### DIRECTIONS
When you come to the line with "Neprinol AFD Arthur", begin repeating; continue exactly through the final line of the records and include nothing from before.

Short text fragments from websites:
>>>>>

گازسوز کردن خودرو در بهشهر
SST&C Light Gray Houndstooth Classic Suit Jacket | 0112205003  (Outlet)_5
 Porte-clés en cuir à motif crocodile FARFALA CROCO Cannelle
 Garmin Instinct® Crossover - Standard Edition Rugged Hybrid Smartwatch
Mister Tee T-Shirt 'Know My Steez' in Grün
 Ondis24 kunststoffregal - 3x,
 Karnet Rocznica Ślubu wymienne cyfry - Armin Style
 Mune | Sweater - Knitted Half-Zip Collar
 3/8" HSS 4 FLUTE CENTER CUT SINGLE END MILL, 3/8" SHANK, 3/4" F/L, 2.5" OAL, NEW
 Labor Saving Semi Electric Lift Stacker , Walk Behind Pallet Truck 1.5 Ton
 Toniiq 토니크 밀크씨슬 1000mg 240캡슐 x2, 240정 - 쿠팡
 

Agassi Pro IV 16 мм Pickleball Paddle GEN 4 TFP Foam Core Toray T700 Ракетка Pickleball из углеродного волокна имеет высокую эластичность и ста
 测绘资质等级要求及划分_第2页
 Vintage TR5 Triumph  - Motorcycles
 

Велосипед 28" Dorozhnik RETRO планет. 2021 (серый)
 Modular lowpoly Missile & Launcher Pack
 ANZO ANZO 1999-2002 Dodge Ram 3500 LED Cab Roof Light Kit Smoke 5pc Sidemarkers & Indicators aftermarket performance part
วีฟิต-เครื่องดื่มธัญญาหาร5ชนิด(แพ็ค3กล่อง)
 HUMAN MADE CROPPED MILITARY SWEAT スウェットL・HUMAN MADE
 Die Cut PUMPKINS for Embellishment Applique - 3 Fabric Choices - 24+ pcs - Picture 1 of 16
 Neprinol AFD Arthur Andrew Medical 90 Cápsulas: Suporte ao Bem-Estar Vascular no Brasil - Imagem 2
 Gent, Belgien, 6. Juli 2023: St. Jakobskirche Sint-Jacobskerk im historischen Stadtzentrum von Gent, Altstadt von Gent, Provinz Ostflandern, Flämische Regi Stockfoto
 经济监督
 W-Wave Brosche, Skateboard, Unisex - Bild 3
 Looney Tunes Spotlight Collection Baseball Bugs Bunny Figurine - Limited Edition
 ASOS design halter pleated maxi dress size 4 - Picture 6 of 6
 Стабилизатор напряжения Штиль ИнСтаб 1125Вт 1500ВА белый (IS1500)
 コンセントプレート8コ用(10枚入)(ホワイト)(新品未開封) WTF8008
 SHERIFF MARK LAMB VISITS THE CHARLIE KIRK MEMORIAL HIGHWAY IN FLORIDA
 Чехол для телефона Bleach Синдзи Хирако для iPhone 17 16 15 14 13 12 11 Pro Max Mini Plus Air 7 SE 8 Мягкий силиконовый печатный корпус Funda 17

<<<<<

### RESPONSE AREA
 Neprinol AFD Arthur Andrew Medical 90 Cápsulas: Suporte ao Bem-Estar Vascular no Brasil - Imagem 2
 Gent, Belgien, 6. Juli 2023: St. Jakobskirche Sint-Jacobskerk im historischen Stadtzentrum von Gent, Altstadt von Gent, Provinz Ostflandern, Flämische Regi Stockfoto
 经济监督
 W-Wave Brosche, Skateboard, Unisex - Bild 3
 Looney Tunes Spotlight Collection Baseball Bugs Bunny Figurine - Limited Edition
 ASOS design halter pleated maxi dress size 4 - Picture 6 of 6
 Стабилизатор напряжения Штиль ИнСтаб 1125Вт 1500ВА белый (IS1500)
 コンセントプレート8コ用(10枚入)(ホワイト)(新品未開封) WTF8008
 SHERIFF MARK LAMB VISITS THE CHARLIE KIRK MEMORIAL HIGHWAY IN FLORIDA
 Чехол для телефона Bleach Синдзи Хирако для iPhone 17 16 15 14 13 12 11 Pro Max Mini Plus Air 7 SE 8 Мягкий силиконовый печатный корпус Funda 17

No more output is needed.